122    Thirdly, in any event, the present part of the second plea is factually incorrect. In the general disclosure document (recitals 20 to 93), the Commission disclosed, to the requisite legal standard, the information referred to in internal guideline No 4/2003 that is necessary in the context of a review of expiring anti-dumping measures, and to which the applicant claims to have had no access.

123    Accordingly, the fifth part of the second plea in law and, in consequence, the second plea in law in its entirety, must be dismissed.

 The third plea in law, concerning the choice of the Republic of Korea as the analogue country

124    The applicant advances various arguments concerning the choice of the Republic of Korea as the analogue country, which can be grouped into four parts. In the first part, the applicant invokes the infringement of the ‘principles contained in the basic regulation’ and of Article 2 of the anti-dumping agreement, as well as a manifest error of assessment. In the second part, it alleges breach of Article 2(7)(a) of the basic regulation (now Article 2(7)(a) of Regulation No 1225/2009) and a manifest error of assessment. In the third part, it invokes the infringement of its rights of defence. In the fourth part, it alleges a breach of the obligation to state reasons.

125    The Council, supported by the Commission and by Osram, submits that the applicant’s allegations are unfounded.

126    Before examining the various parts of this plea, the applicable provisions of the basic regulation, the background to the choice of the analogue country in the present case, and the relevant findings in the contested regulation should all be borne in mind.

127    Article 2 of the basic regulation contains the rules relating to the determination of dumping. That procedure includes four steps: the determination of the ‘normal value’, the determination of the ‘export price’, the comparison between the export price and the normal value, and the calculation of the ‘dumping margin’.

128    Article 2(1) of the basic regulation (now Article 2(1) of Regulation No 1225/2009) sets out the general principle pursuant to which the normal value is usually to be based on the prices paid or payable, in the ordinary course of trade, by independent customers in the exporting country. Article 2(1) to (6) (now Article 2(1) to (6) of Regulation No 1225/2009) lays down the method of calculation of that normal value.

129    Article 2(7) of the basic regulation lays down special rules for determining the normal value in the case of imports from non-market economy countries.

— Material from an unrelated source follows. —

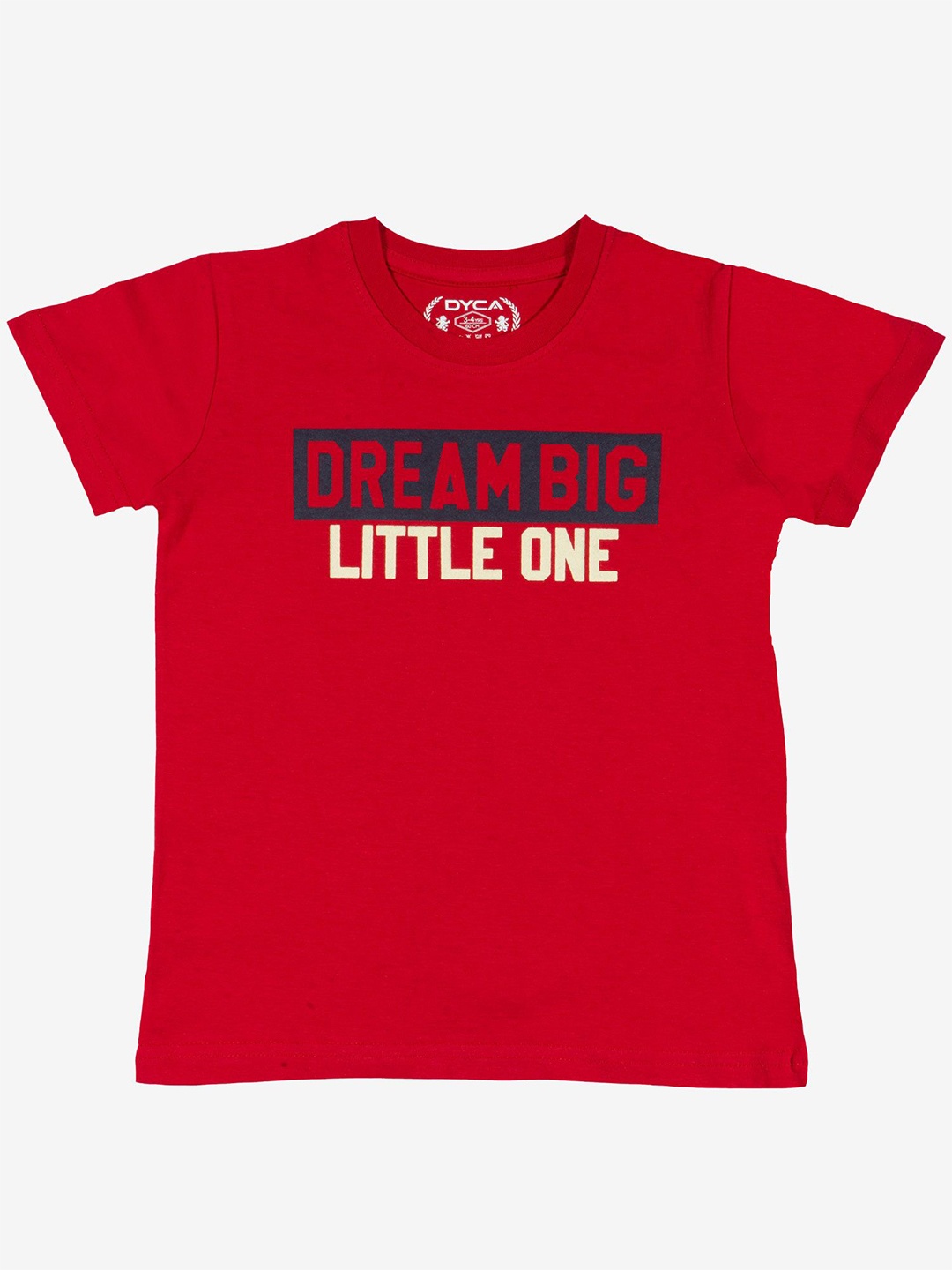 DYCA Boys Typography Printed Round Neck T-shirt, Red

130    Accordingly, Article 2(7)(a) of the basic regulation provides:

‘In the case of imports from non-market economy countries, normal value shall be determined on the basis of the price or constructed value in a market economy third country, or the price from such a third country to other countries, including the Community, or where those are not possible, on any other reasonable basis, including the price actually paid or payable in the Community for the like product, duly adjusted if necessary to include a reasonable profit margin.

An appropriate market economy third country shall be selected in a not unreasonable manner, due account being taken of any reliable information made available at the time of selection. Account shall also be taken of time-limits; where appropriate, a market economy third country which is subject to the same investigation shall be used.

The parties to the investigation shall be informed shortly after its initiation of the market economy third country envisaged and shall be given 10 days to comment.’

131    Article 2(7)(b) of the basic regulation (now Article 2(7)(b) of Regulation No 1225/2009) lays down a method of determining the normal value which differs from that set out in Article 2(7)(a). It states:

‘In anti-dumping investigations concerning imports from … China, Vietnam and Kazakhstan and any non-market-economy country which is a member of the WTO at the date of the initiation of the investigation, normal value shall be determined in accordance with paragraphs 1 to 6, if it is shown, on the basis of properly substantiated claims by one or more producers subject to the investigation and in accordance with the criteria and procedures set out in subparagraph (c), that market economy conditions prevail for this producer or producers in respect of the manufacture and sale of the like product concerned. When this is not the case, the rules set out under subparagraph (a) shall apply.’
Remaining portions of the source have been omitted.